Welcome to PF, Anna55! In your solution you subtract W_w.
But shouldn't that be the buoyancy F_b?
And what happened to the tensional force in the string?Let's start with the definitions of your symbols.
Can I assume that:
W_w is the weight of the water in the beaker,
W_m is the weight of the metal,
F_b is the buoyancy?

In that case I'm still missing the tensional force on the string.
Shall we call it F_t?

And to set up a system that is in equilibrium, we also need the upward force of the scale.
Shall we call that F_s?
This is the quantity that you would measure with a reading on your scale.So before the submersion, the weight of the system was W_w.
For equilibrium that means that F_s=W_w.
Can you set up the equilibrium of the forces after the submersion of the metal?

 

[Anna55]

Yes, the symbols are correct.

F_s+F_b+F_t=W_w

F_s+F_b+F_t-W_w=0

F_s+F_b+F_t-W_w-(F_s-W_w)=
F_s+F_b+F_t-W_w-F_s+W_w=
F_b+F_t=
p_wV_dg+F_t=

Is this correct? How should I continue?

 

[I like Serena]

Hmm, this is not quite right yet, but I'm at a loss right now how to explain.Let's try to look at this another way.

Suppose the metal had exactly the same density as the water.
Then the weight of the metal would equal the buoyancy force, and the tensional force in the string would be zero.
Furthermore, the level of the water in the beaker would rise, accounting for the amount of displaced water.

What would the reading of the scale indicate in this case?

 

[Anna55]

F_b=W_m
p_w+V_d+g=mg
p_m+V_d+g=mg

p_m+V_d+g

 

[LawrenceC]

Draw a free body diagram of the beaker sitting on the scale with the metal suspended by the string fully submerged in the beaker.

Write an expression for the tension in the string in terms of densities and volumes.
Write another expression for the reading the scale would have based on your free body diagram of the situation. This equation should have 3 force terms that comprise the scale reading. One of the terms would be the beaker without the metal in it.

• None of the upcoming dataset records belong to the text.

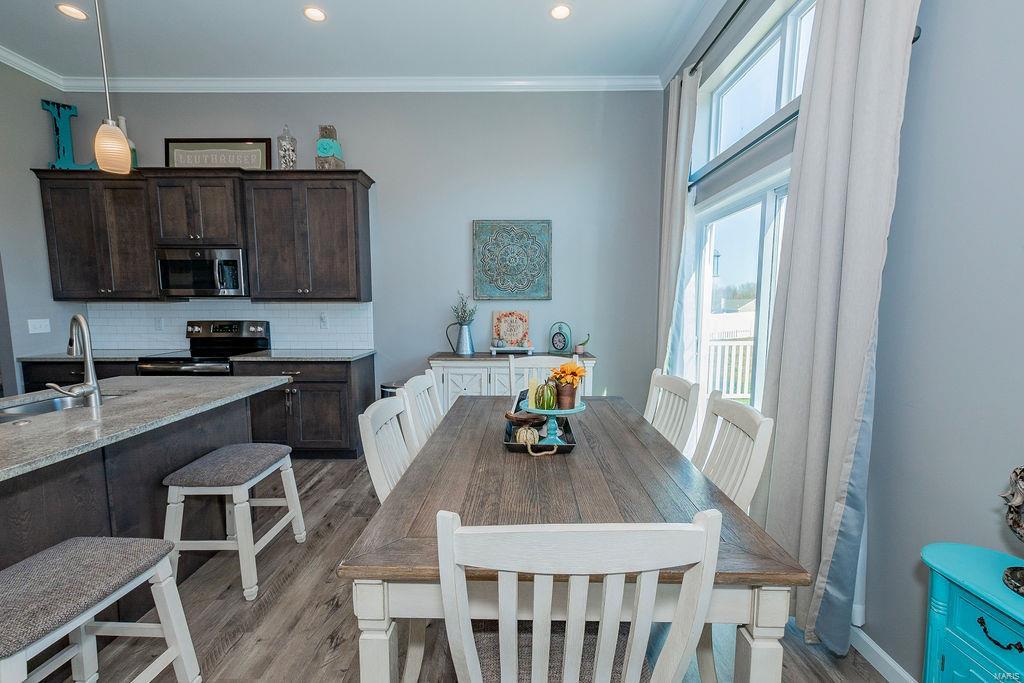 Palisades Village 2 - Residential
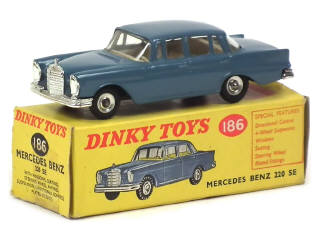 Lot 598 - DINKY TOYS (GB) (1)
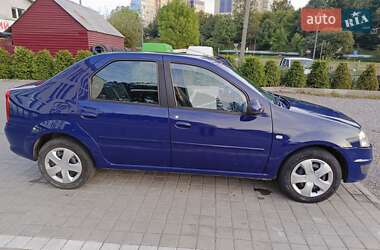 Седан Dacia Logan 2009 в Львові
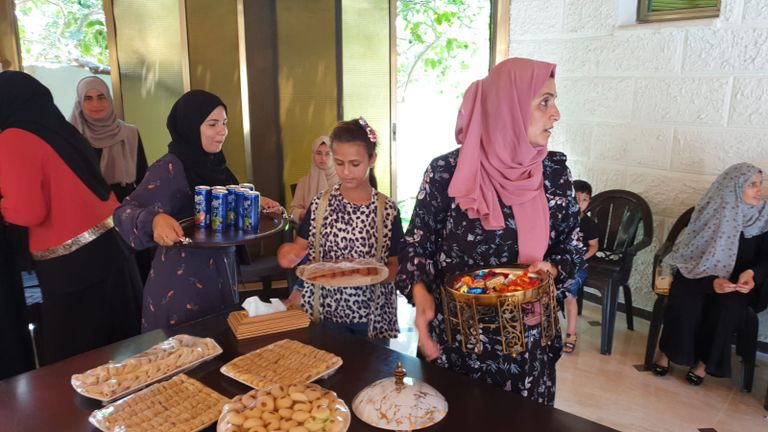 إقبال كبير على محال الحلويات في غزة ابتهاجا بنجاح طلاب الثانوية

Rearrange the equation so that you have what you seek on one side of the equation.

 

[I like Serena]

Yes, that looks about right, although you should multiply instead of add.
So in this case (metal has equal density as the water) the added weight is $\rho_m V_d g = \rho_w V_d g$.

Now if the metal has a higher density, the buoyancy force remains the same, the weight of the metal increases, but the difference is compensated by the tensional force in the string.

 

[Anna55]

Before the metal is submerged in the water.
F_t=W

Submerged metal
F_b+F_t=W
F_b+F_t-W=
(They cancel out)
F_b=
p_wV_dg=
p_wV_mg

To summarize everything. Is this correct?

 

[I like Serena]

Before the metal is submerged in the water.
F_t=W

Assuming you meant W_m where you wrote W, this is true.

Submerged metal
F_b+F_t=W
F_b+F_t-W=
(They cancel out)

Again assuming you meant W_m where you wrote W, this is also true.
Note that F_t has a different value than before.

F_b=
p_wV_dg=
p_wV_mg

Assuming that with V_m you mean the volume of the metal, which is the same as V_d, the volume of the displaced water, this is also correct.

To summarize everything. Is this correct?

As yet, you have not summarized everything.
You did not specify the effect of the metal-on-a-string on the reading of the scale.

 

[Anna55]

Sorry for not writing what the variables stand for in the beginning.
Yes, W_m is the weight of the metal.
Yes, V_m is the volume of the metal.

The change in reading of the scale will be p_wV_mg.

 

[I like Serena]

Okay! :)

 

[Anna55]

Thanks for all the help I have gotten! :) I really appreciate it. :)